私は少し不安になってしまったけれど、キャスさんは逆に楽しそうだった。
「あー、ごめんごめん。解ってるよー。お友達の事大好きな可愛い子だもんねー、リーディッドちゃんは。よーしよしよしよし。おー、良い子だぞー」
「やめなさい。こらっ、もうっ!」
キャスさんは楽し気にリーディッドさんを撫でまわし、逃げる彼女を更に追う。
途中で諦めたリーディッドさんは、暫く撫でられ続け頭がぐちゃぐちゃになっている。
ただその様子を見ていたリズさんは、物凄く優しい目を向けていた。
「まったく・・・これでもちゃんとセットしてるんですからね」
「あははー、ごめんごめん」
『仲が良いな、全く』
リーディッドさんが睨んで言うも、キャスさんが堪える様子は無い。
むしろ二人共少し楽しげに見えるのは気にのせいだろうか。
ガライドが仲が良いというのであれば、多分気のせいじゃないと思う。
「どちらにせよ、キャスに価値を見出しているのは間違い無いでしょう。
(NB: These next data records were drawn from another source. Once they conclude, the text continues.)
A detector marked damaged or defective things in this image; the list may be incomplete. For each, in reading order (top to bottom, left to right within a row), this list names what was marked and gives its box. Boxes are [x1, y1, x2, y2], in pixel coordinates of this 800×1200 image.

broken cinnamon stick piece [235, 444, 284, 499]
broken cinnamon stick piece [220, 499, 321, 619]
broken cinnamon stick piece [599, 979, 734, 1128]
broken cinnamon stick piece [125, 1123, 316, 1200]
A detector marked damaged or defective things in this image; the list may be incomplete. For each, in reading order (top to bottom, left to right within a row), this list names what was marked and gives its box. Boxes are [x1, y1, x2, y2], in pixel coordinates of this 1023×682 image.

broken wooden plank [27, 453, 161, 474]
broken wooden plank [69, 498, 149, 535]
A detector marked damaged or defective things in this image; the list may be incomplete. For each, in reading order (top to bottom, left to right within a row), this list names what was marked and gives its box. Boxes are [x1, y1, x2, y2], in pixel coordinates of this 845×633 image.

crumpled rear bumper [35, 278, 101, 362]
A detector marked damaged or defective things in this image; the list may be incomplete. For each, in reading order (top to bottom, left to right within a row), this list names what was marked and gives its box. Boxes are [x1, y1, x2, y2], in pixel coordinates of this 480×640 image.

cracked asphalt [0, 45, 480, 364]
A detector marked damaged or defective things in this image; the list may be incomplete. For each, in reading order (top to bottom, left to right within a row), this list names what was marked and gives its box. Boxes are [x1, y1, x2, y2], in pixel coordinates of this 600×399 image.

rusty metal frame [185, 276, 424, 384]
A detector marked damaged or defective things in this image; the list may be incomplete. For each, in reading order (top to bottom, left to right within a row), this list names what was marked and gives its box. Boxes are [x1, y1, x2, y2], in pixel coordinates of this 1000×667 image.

万が一何かあったとしても、彼女は全力で貴女を守るとは思います。ただしなるべく一人にはならない様に」
「りょーかい! じゃー私は大体グロリアちゃんと一緒に居るね!」
「それが良いでしょうね。グロリアさんも宜しいですか?」
「はい、解り、ました」
色々と良く解っていないけれど、兎に角キャスさんと一緒に居れば良い。
それだけ自分の心に刻み付けて、ふんすと気合を入れて応えた。